明治大学校歌のあゆみ
「白雲なびく」にはじまる明治大学校歌(児玉花外作詞 山田耕作作曲)は、一九二〇(大正九)年に制定された。この校歌は学生自らがその制定のため大いに奔走したエピソードがよく知られている。
この動きが本格化したのは、大学昇格を翌年に控えた一九一九年、当時学生スポーツの花形であった隅田川の端艇レースにおいて、明治大学が惨敗を喫したことがきっかけである。学生たちは惨敗の原因を、校歌もないためただ叫び声をあげるしかない、統制の取れない学生自身の応援に求め、翌年春に開かれた予科大会において「校歌制定」の決議を行ったのであった。
校歌制定実行委員となった予科学生の武田孟(のち商学部教授、学長、総長)、牛尾哲造、越智七五三吉は、学校当局を説得して校歌作成の許可を得た。作詞は当時予科教授だった笹川臨風の紹介により児玉花外が引受け、作曲は音楽に造詣が深かった牛尾が紹介状もなく単身山田耕作を訪ね、熱意を込めて懇請し引き受けてもらった。さらに歌詞に音楽が乗りやすいように、山田の依頼により西条八十が補作をした。

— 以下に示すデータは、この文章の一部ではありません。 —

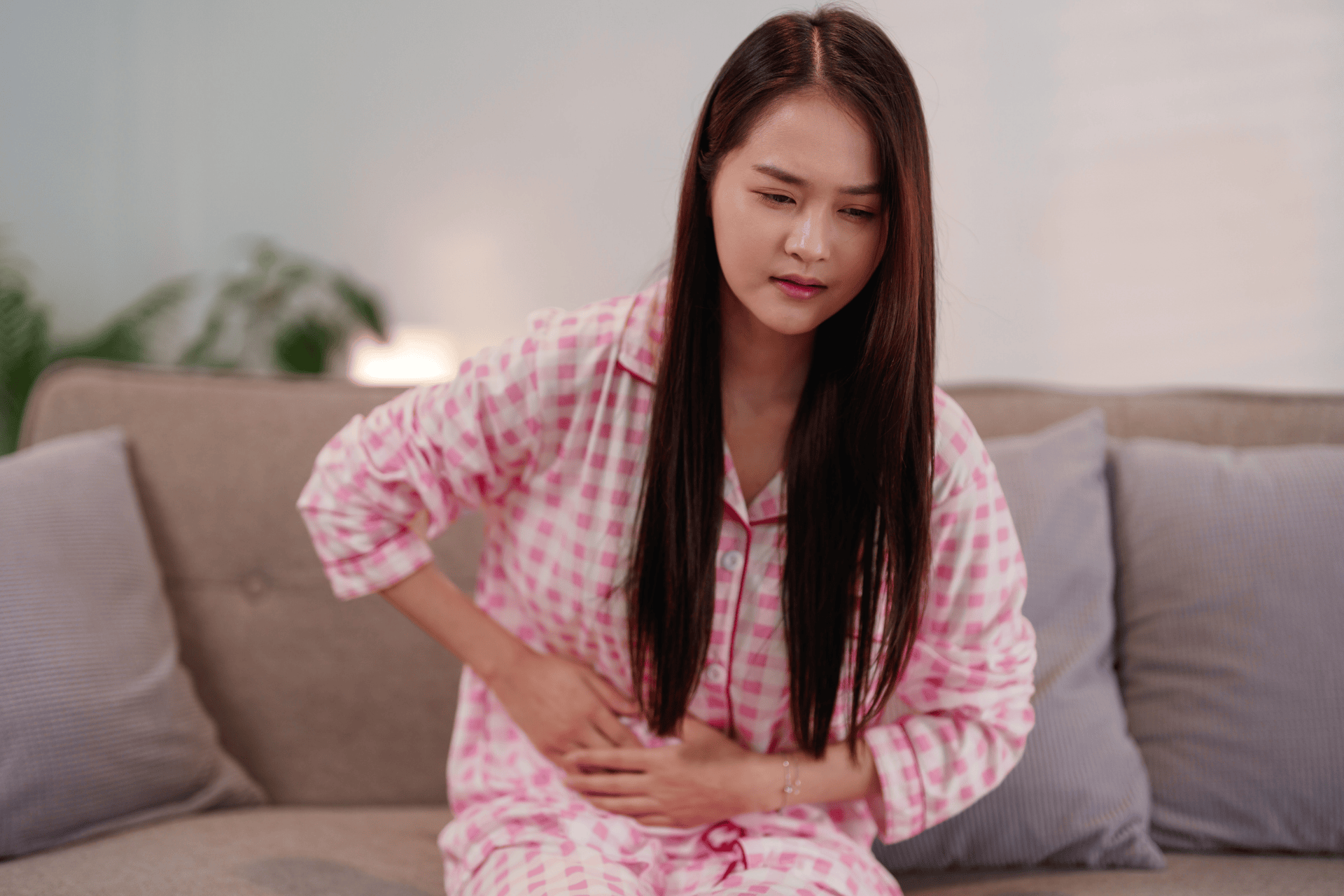 Woman sitting on a couch holding her stomach in pain.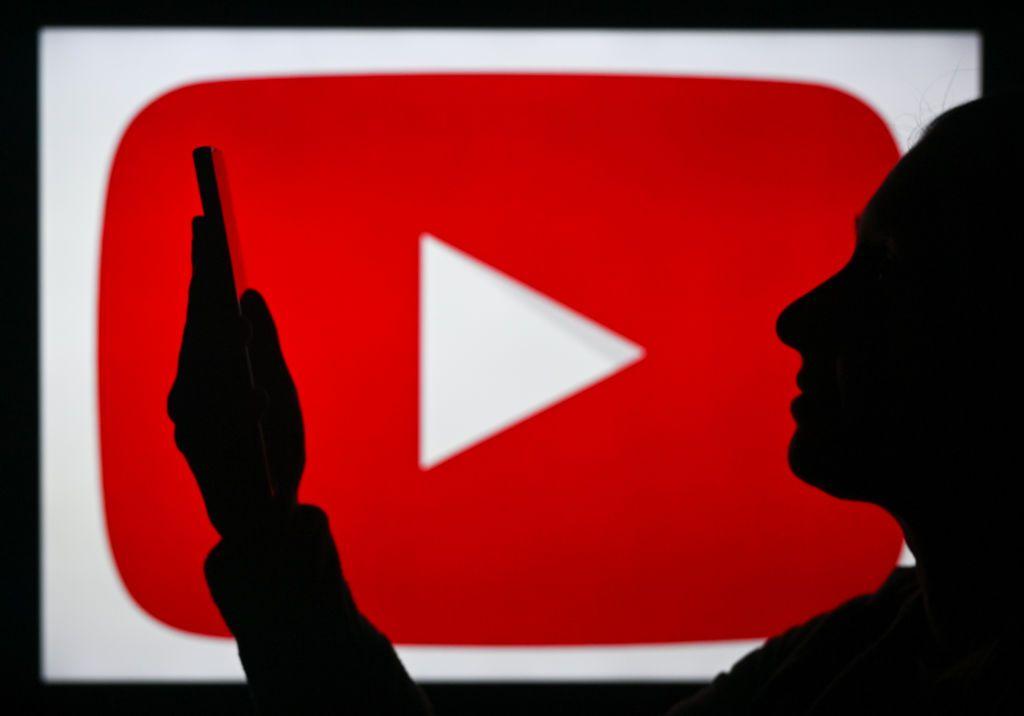 Ilustração da silhueta de uma pessoa fazendo selfie com celular com o ícone do Youtube ao fundo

こうして一九ニ〇年10月に校歌は完成した。この年の端艇レースにおいては、学生たちは校歌を歌い、整然と母校を応援できたのである。ほどなく校歌は「街頭で最も多く歌はれゐる」( 『大東京案内』)までになり、今日までスポーツや大学の様々な行事の際に愛唱されている。